The trouble with adopting a cat is that they always have kittens: hygiene for paradise and beyond

Eugene Burmako

unread,

Aug 10, 2013, 8:19:57 PM8/10/13

to scala-l...@googlegroups.com

Hi folks,

Now that the tree manipulation problem is solved, another problem becomes noticeable - the problem of hygiene / referential transparency. To quote Simon from [1]:

You can write code like tq"""Enum[$className]""", but if you want to be really sure that things don't break if people define their own Enum class in scope, one better does: tq"""_root_.java.lang.Enum[$className]""".

Of course, this doesn't have to be like that. In most LISPs and in a lot of other macro-enabled programming languages, tree construction is hygienic in the sense that bindings in macro-generated code are established using to some well-defined rules rather than using the HULK SMASH BIND principle. For example, in my candidacy exam write-up [2] I outlined such rules for Template Haskell, Nemerle and Racket, and of course there's a lot of other info to read on that matter on the web.

Therefore I propose that we now discuss what rules suit Scala macros and decide how to make it happen. I suggest we don't discuss whether these rules are going to be implementable or not - that's my problem - and focus solely on design.

1) The main goal to pursue is pretty clear: we want to write "import java.lang.Enum" at the definition site of the quasiquote mentioned above and then have this information carried to whatever macro expansion site the quasiquote ends up in.

2) And then there's the first tough choice. Do we preserve only top-level bindings, i.e. just "List" in "List(x, y)", or all sorts of bindings, i.e. "List", "x" and "y" in "List(x, y)"? The former represents a compromise between rigor and practicality, whereas the latter is rigorous, but quite inflexible. [3] provides a Nemerle vs Template discussion on this matter.

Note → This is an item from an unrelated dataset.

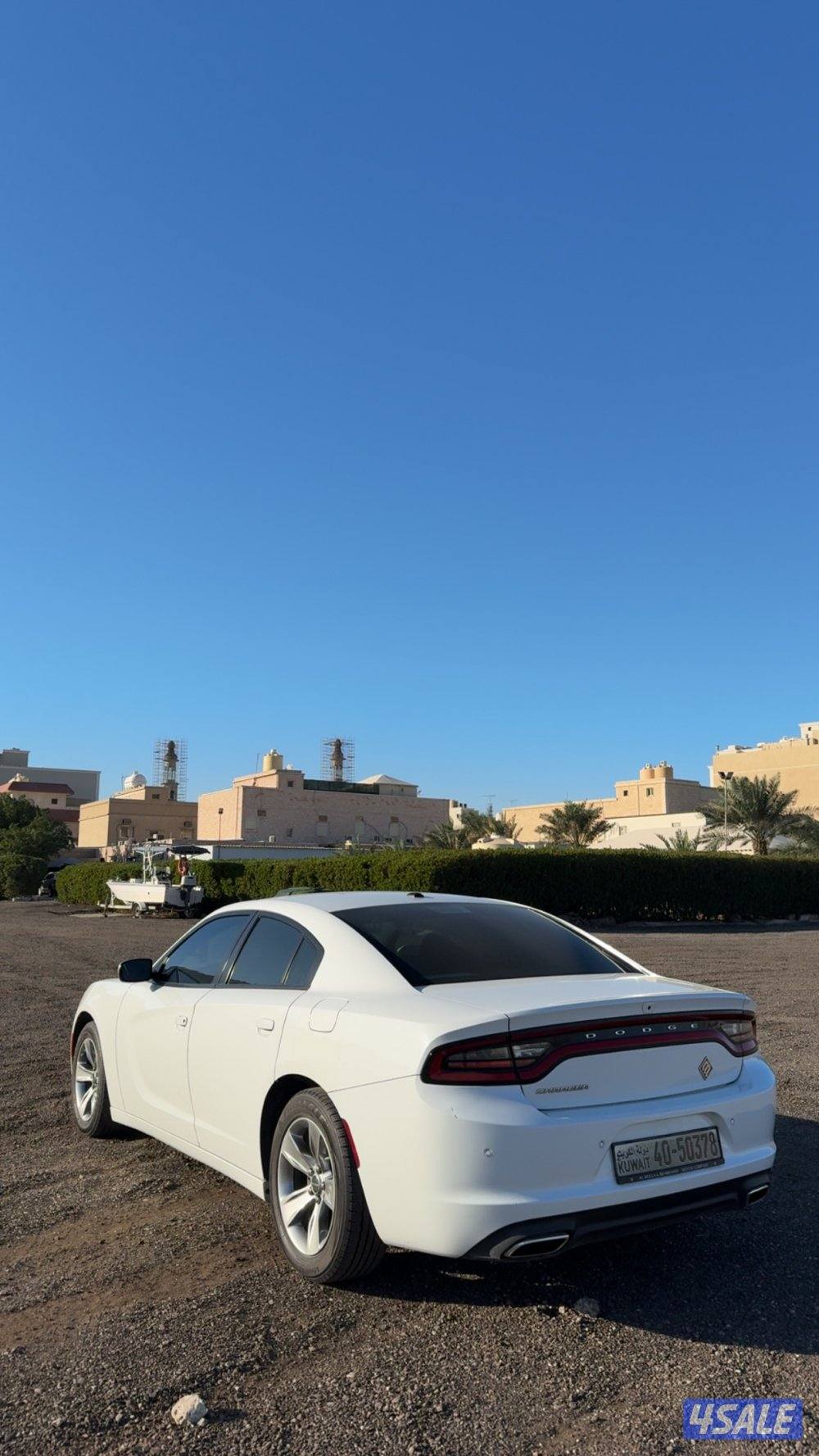 للبيع دوج شرط الفحص3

3) Sometimes we will want to break hygiene, so we need syntax for expressing the difference between hygienic and unhygienic names. Firstly, what should be the default? (I'd argue, hygiene). Secondly, how do we express the non-default? (I'd suggest introducing a special flavor of names that can then be spliced in identifier positions). Thirdly, do we provide special syntax for non-default? (In Template Haskell, they have/had %pi as a shortcut for $(dyn "pi"), but then we'll have to escape calls to methods named %).

4) How do we play nicely with 2.11, because with a very high probability we won't be ready by 2.11 code freeze (mid September)? Imho, the only thing to make sure here is aligning q"..." in paradise and q"..." in trunk. If we decide that hygiene should be the default, we should rename trunk's q/tq/cq/pq into something like uq/utq/ucq/upq to signify that they are unhygienic to make sure that we don't break people's code afterwards.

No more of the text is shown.